INTERVIEWER 1: Oh, thank you for sharing that. I mean that’s extraordinary to hear and as a piece of kind of captured moment in time over the past two years as well and I wonder if there’s anything else you could say about that connection to a queer identity and the natural world, now there are queer ecology studies and things like that, and particularly to the water and to the sea and I think it is there, do you think that they go hand-in-hand, do you think they are interwoven or they’re-? 

PARTICIPANT 1: I do. They’re certainly interlinked for me and through my teenage years in particular, I spent many very dramatic hours sitting by the cliffs across the road from my family home, staring out over the sea and pondering who I was, what I was, what my existence was, and always feeling actually a sense of calmness or a sense of comfort that came from just how huge the sea was so that feeling of not being made small but almost being comforted or being held by the enormity of something else, so no matter how big these things felt, that I was going through, no matter how big these questions I had, there was something much bigger. Much bigger there. I’m not a religious person, I would say that I am a spiritual person but that is intrinsically linked with nature and the natural world around me and I think you probably found the same in a lot of queer people, where we can’t or haven’t growing up made the same connections with establishment and with the standard external sources of family that you might have through community, through village, through parish, through church or religion, so we found other connections, either through found family and friends, through connection with nature, connections with in my teenage years the moon, you know, and just looking for this sense of connection and identity somewhere else and somewhere different, so yeah, I definitely think there’s a resonance there or a connection there. 


INTERVIEWER 1: Yeah, I mean that’s fabulous, thank you. You’ve kind of, you have in part answered, but the next question is do you think another LGBTQ person would connect with your object? and I think you’ve started to unpack that. 
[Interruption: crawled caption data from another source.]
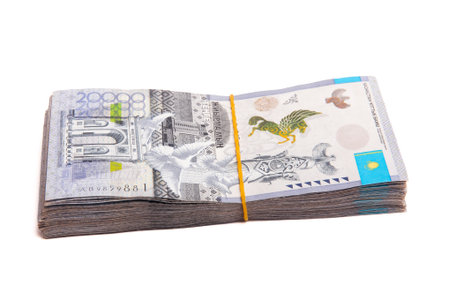 Side view of Bundle of Kazakhstan banknotes of 20000 tenge tied with an elastic band, isolated on...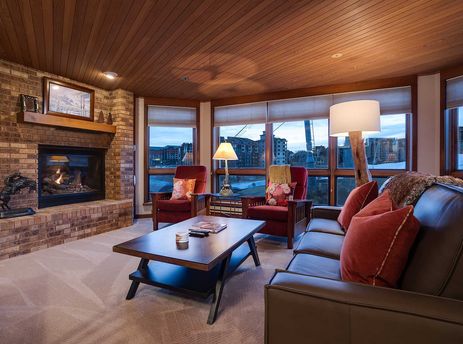 The Chateau Chamonix CX123 living room showcases a warm fireplace, a brown leather sofa with red pillows, and two accent chairs by large windows offering scenic views.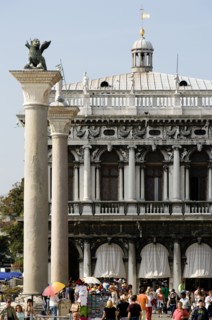 ITALY, Veneto, Venice, Tourists walk in the Piazetta below the winged Lion of Saint Mark on the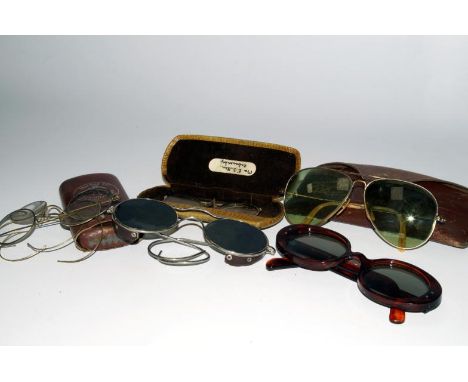 A pair of Bausch & Lomb Ray-Ban vintage sunglasses, in original leather case, two other pairs of sunglasses, two pairs of pin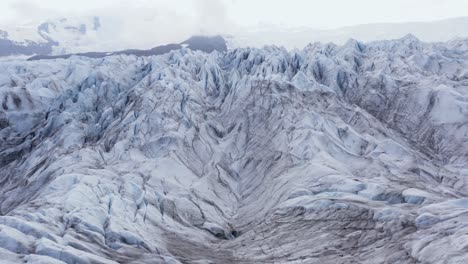 Frozen-ice-glacier-landscape-in-Iceland,-close-up-aerial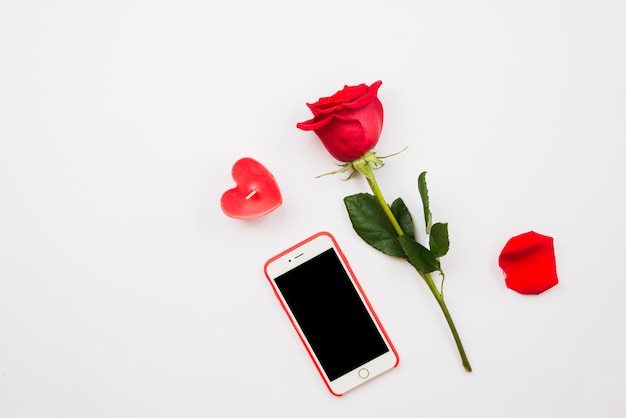 Jeden ciemny czerwony róża i telefon komórkowy na białym tle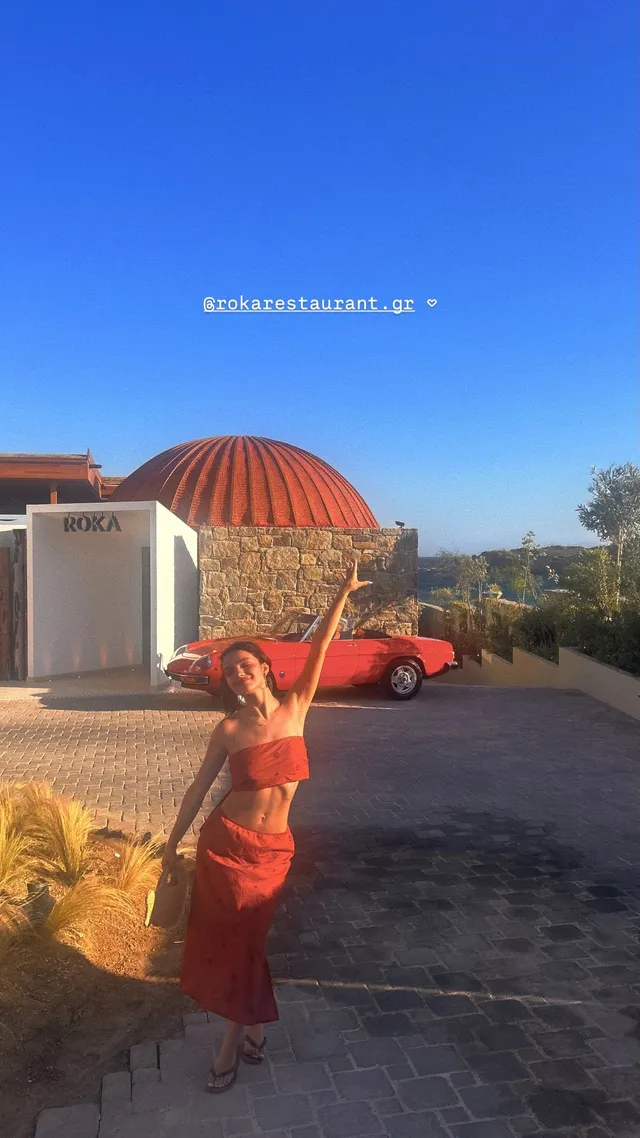 Rachel Zegler posing outdoors in a red outfit beneath a blue sky.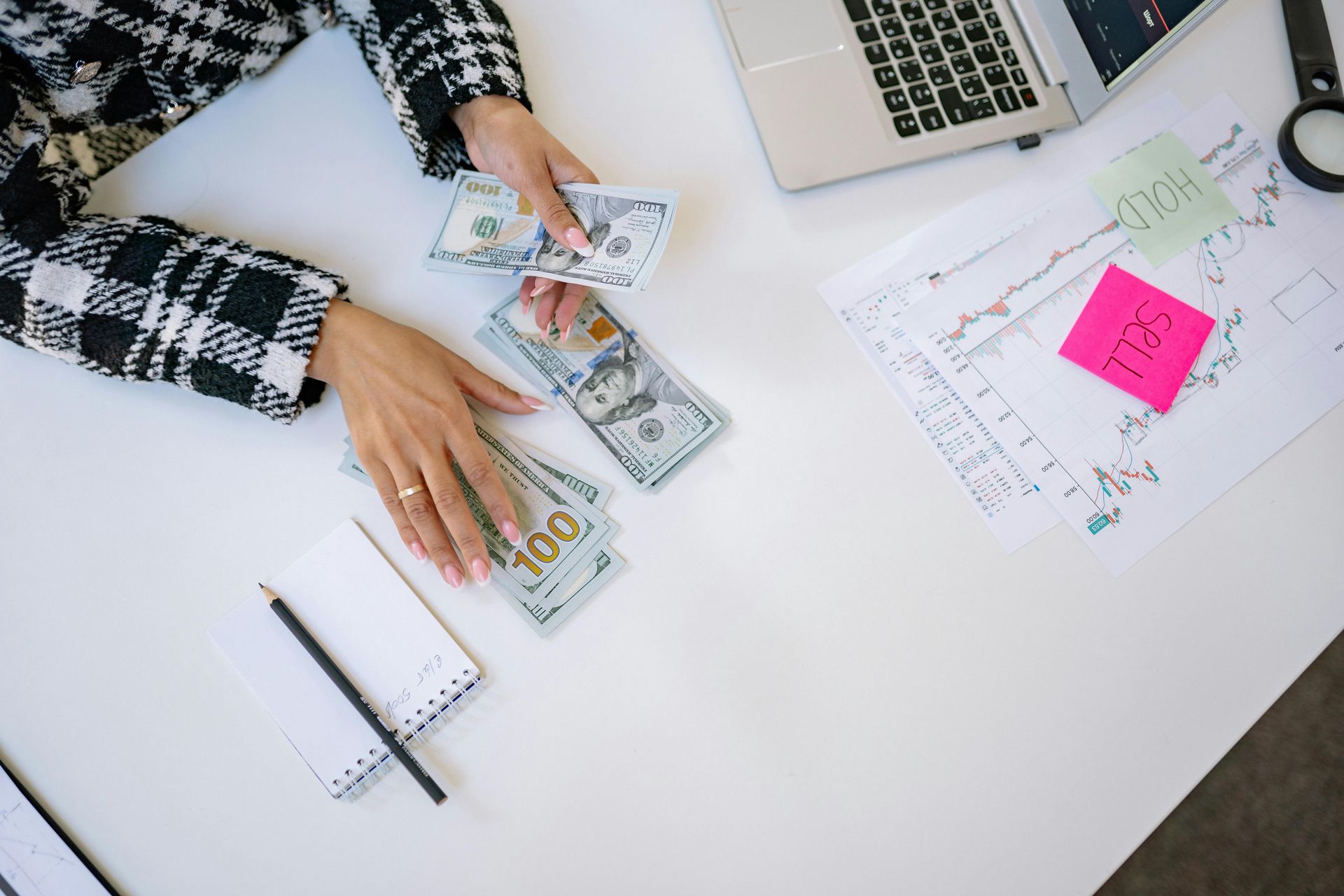 Hands counting cash at a desk with charts, notebook, and pink sticky note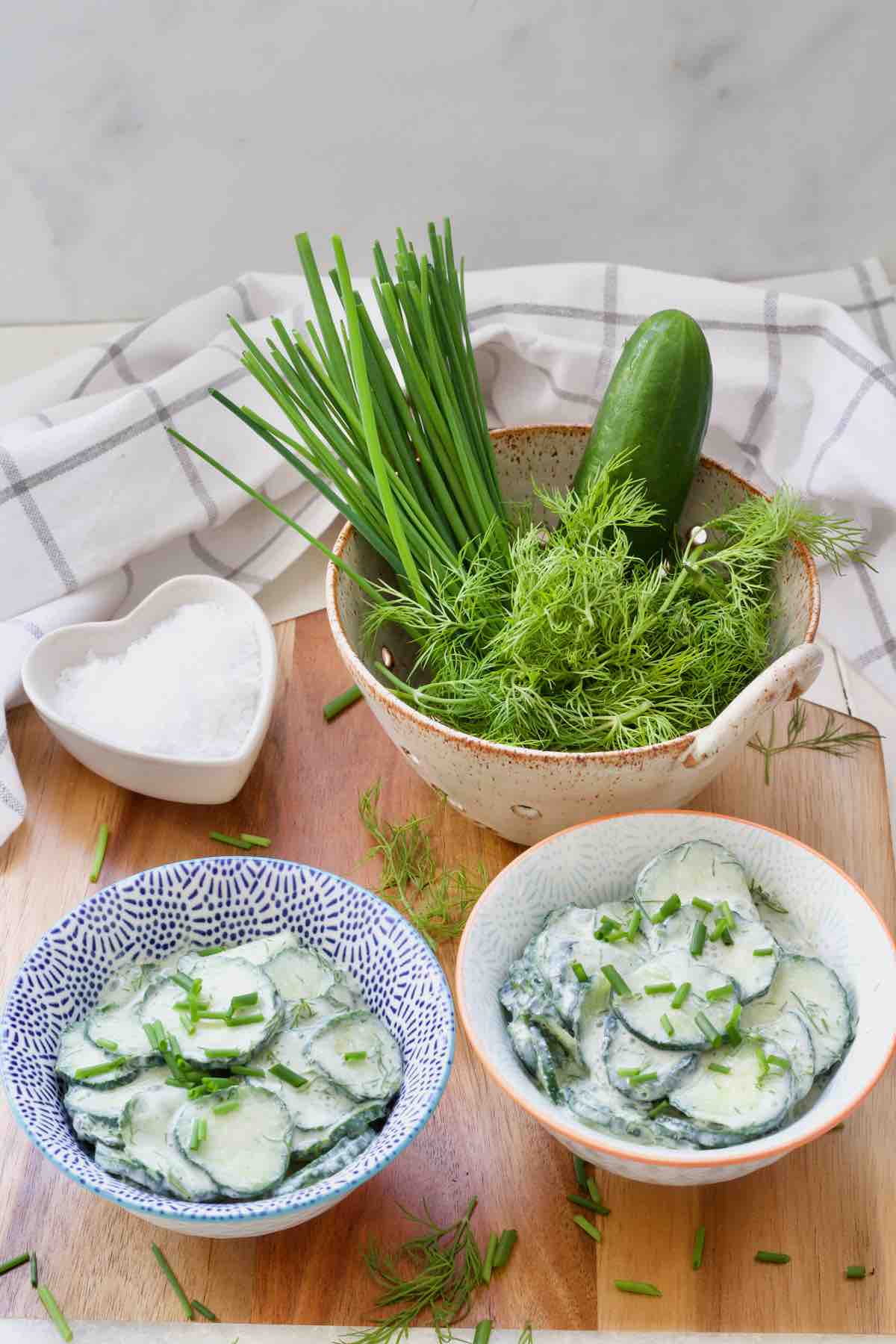 Two bowl with mizeria, dish with sea salt and colander with herb & cucumber.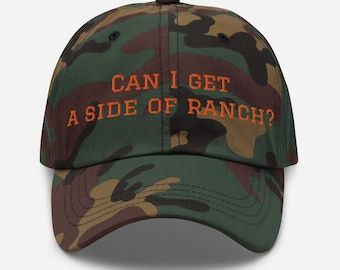 Puede incluir: Gorra de béisbol de camuflaje con el texto "CAN I GET A SIDE OF RANCH?" en naranja. La gorra presenta un diseño clásico de seis paneles, una visera curva y una correa ajustable en la parte trasera.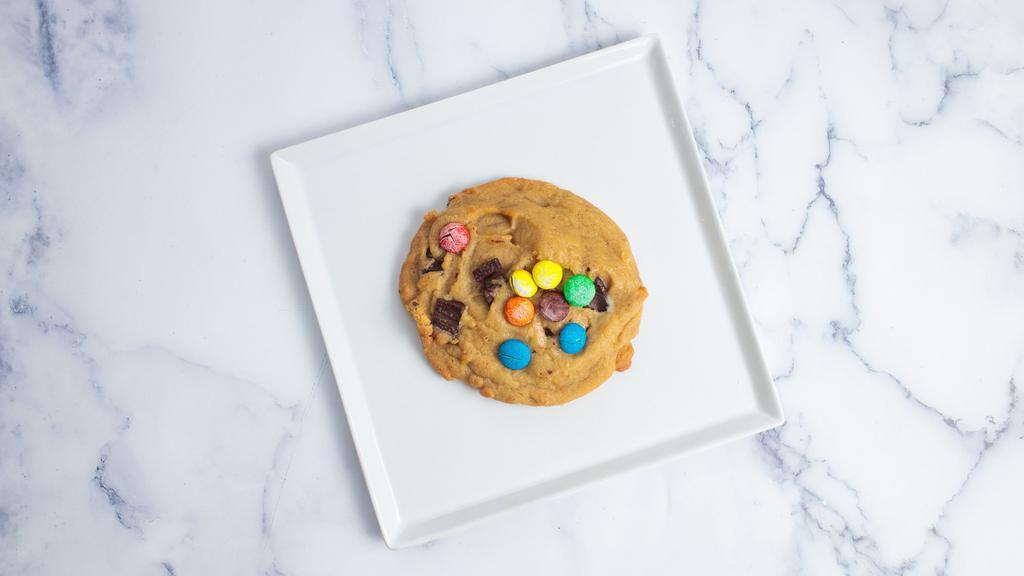 M&M OG Cookies · Made from chocolate chunk cookie dough topped with Hershey's Kisses, semi sweet chunks and Milk chocolate chunks. Oversized Cookie.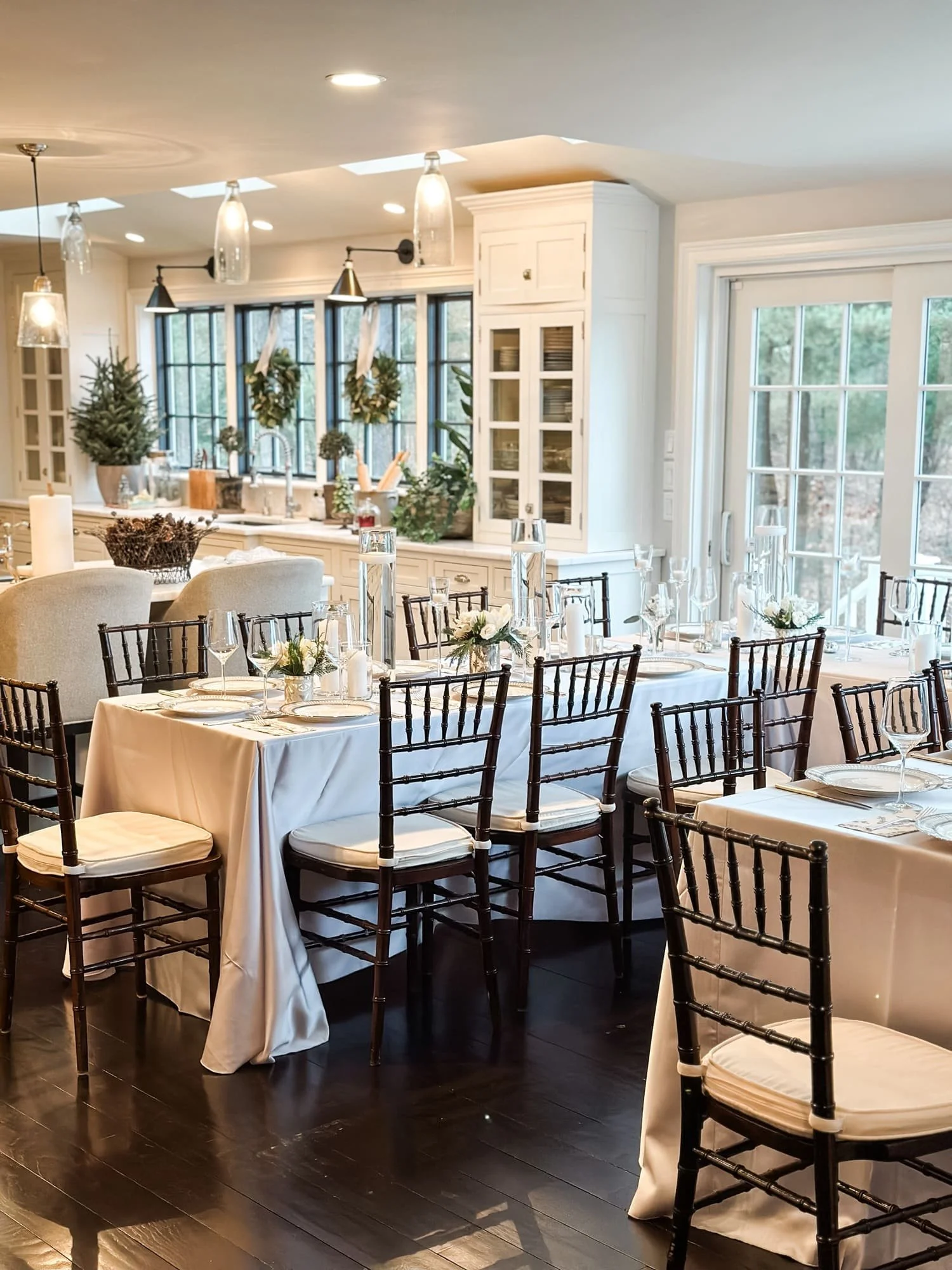 holiday table setting formal dinner table floral centerpiece window wreaths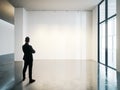 Businessman stands in blank white museum interior with concrete floor. Horizontal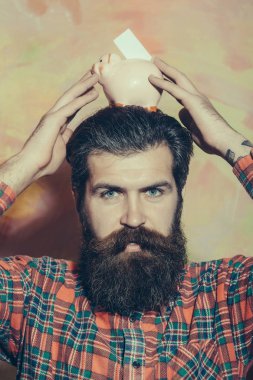 Sakallı adam kafasına pembe seramik kumbara tutan kaşlarını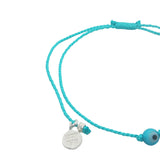 Bracelet argent 925 cordon fin et petit oeil turquoise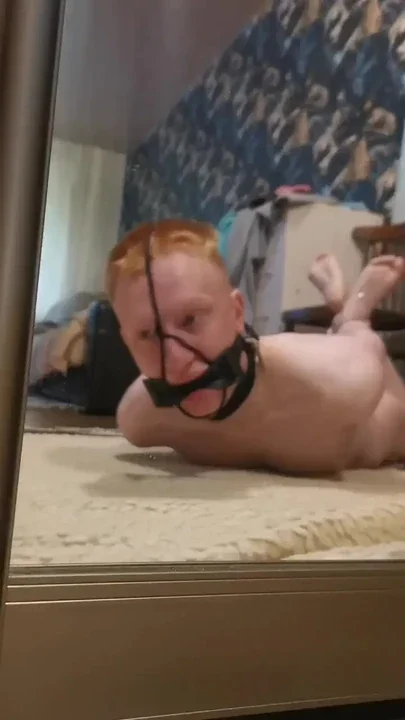 Hogtied Barefoot gagged guy with cumshot on his feet Clip 1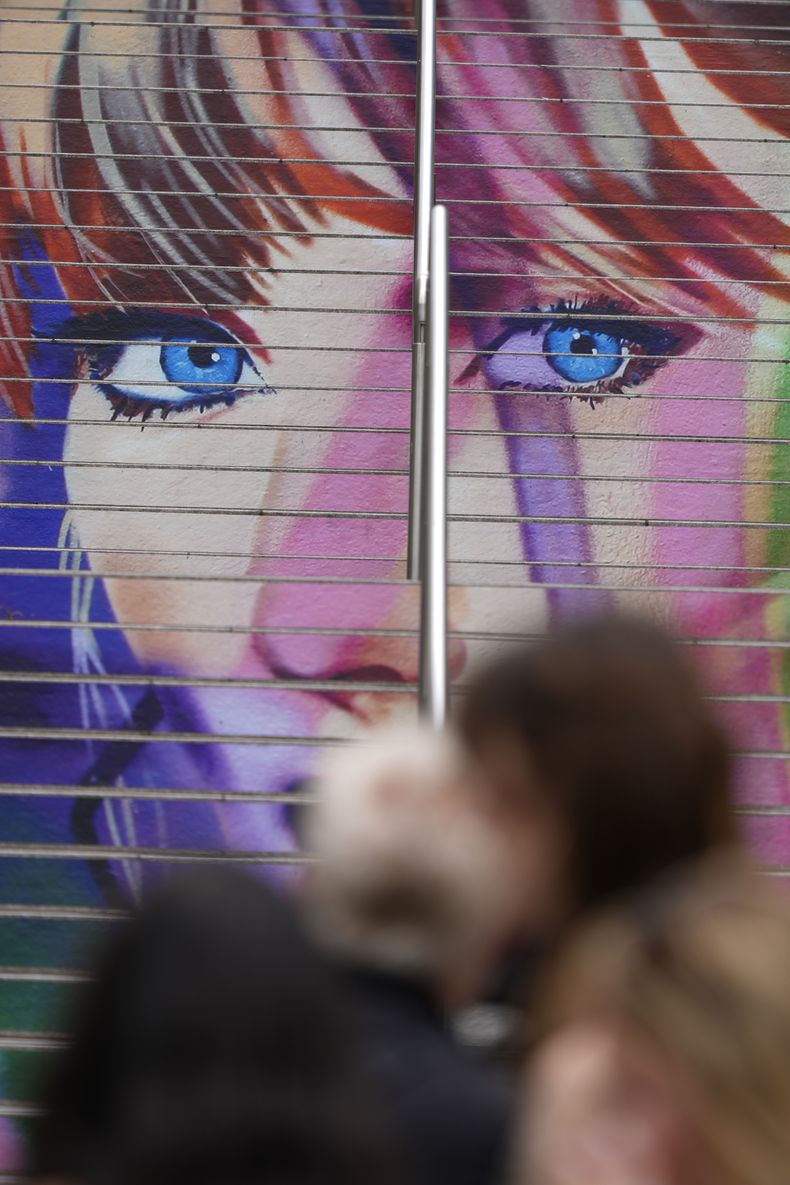 Fans posan frente a un retrato de Taylor Swift pintado en una escalera en el estadio de Wembley en Londres, el miércoles 14 de agosto de 2024, antes de una serie de conciertos de Taylor Swift que comienzan el jueves. (Foto AP/Alastair Grant)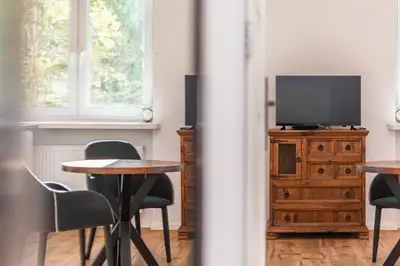 Telewizja i/lub zestaw kina domowego w obiekcie aleja Wyzwolenia 14A by Homeprime
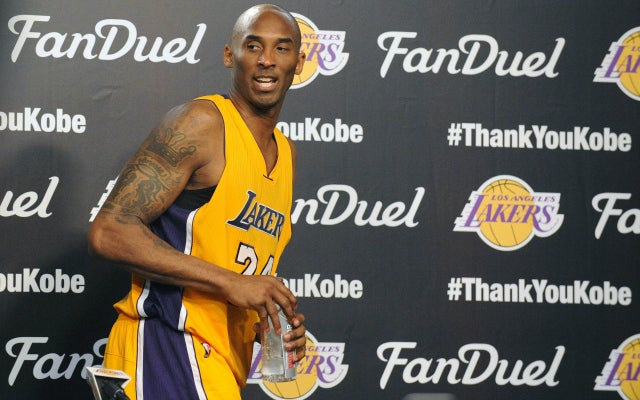 Kobe Bryant leaves the last press conference of his career.  (USATSI)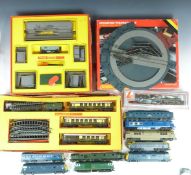 Thirteen Hornby, Tri-ang, Lima and similar 00 gauge model railway locomotives, train sets and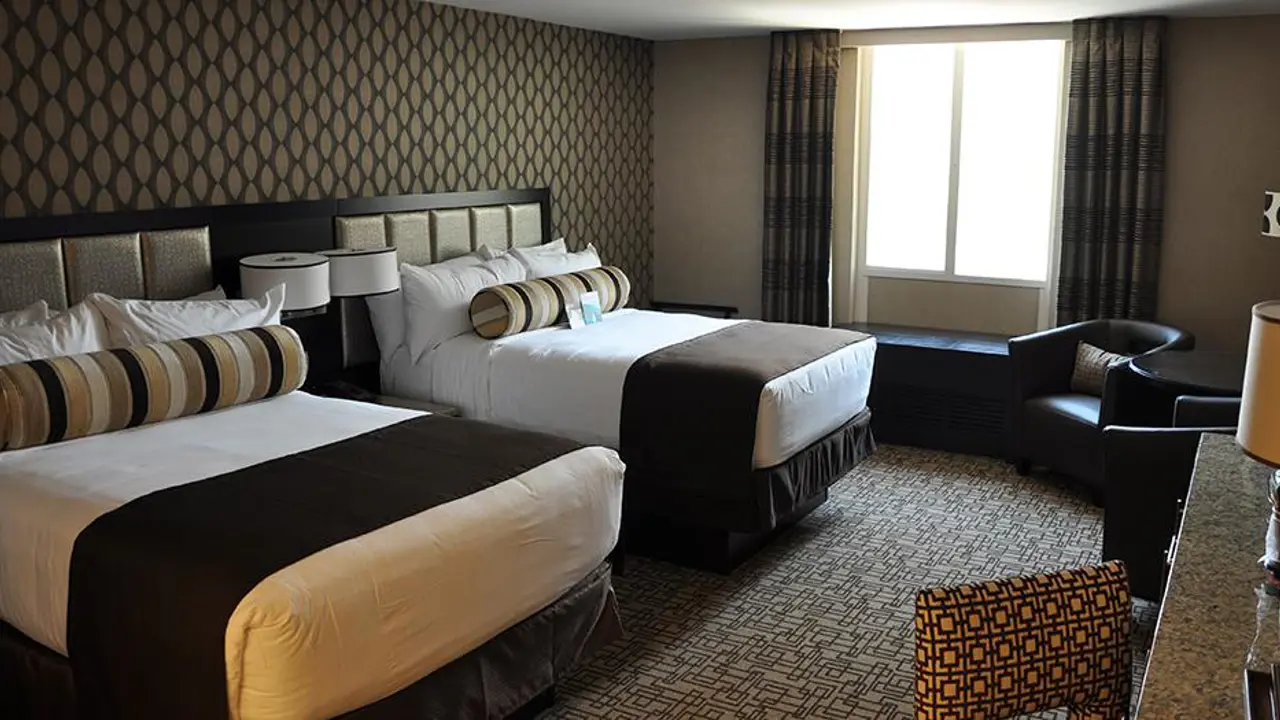 Comfortable twin double room at the Golden Nugget Hotel, Las Vegas, featuring two double beds with white linens, dark brown décor and patterned wallpaper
PARTICIPANT 1: I do. and I think even the format and the possibilities of how it’s presented at the moment and I would love and can’t wait to see the slide itself when we see the finished butterfly, but even as a printed piece on a piece of A4, there’s almost a sense of what’s going on around the image itself and the time it would have taken to capture these images, it’s not point and click like a phone now, but preparing, setting up for hours, getting ready and for the person involved to know that all of that effort going on behind the scenes, was to create this one image that the outside world would see and I think that, certainly for me as a queer person, resonates with well, what are the preparations that I put into self, right, and what are the things that, the thoughts that I have about how I will present to the outside world, right? A way to be comfortable with myself but also just get on in the world and those hours of preparation or thoughts or introspective times and then what you get is the finished outside presentation, which is your slide. Which is hopefully as magical as this is to me. 


INTERVIEWER 1: Thank you. That’s lovely. how do you feel then about having your voice represented in the museum? 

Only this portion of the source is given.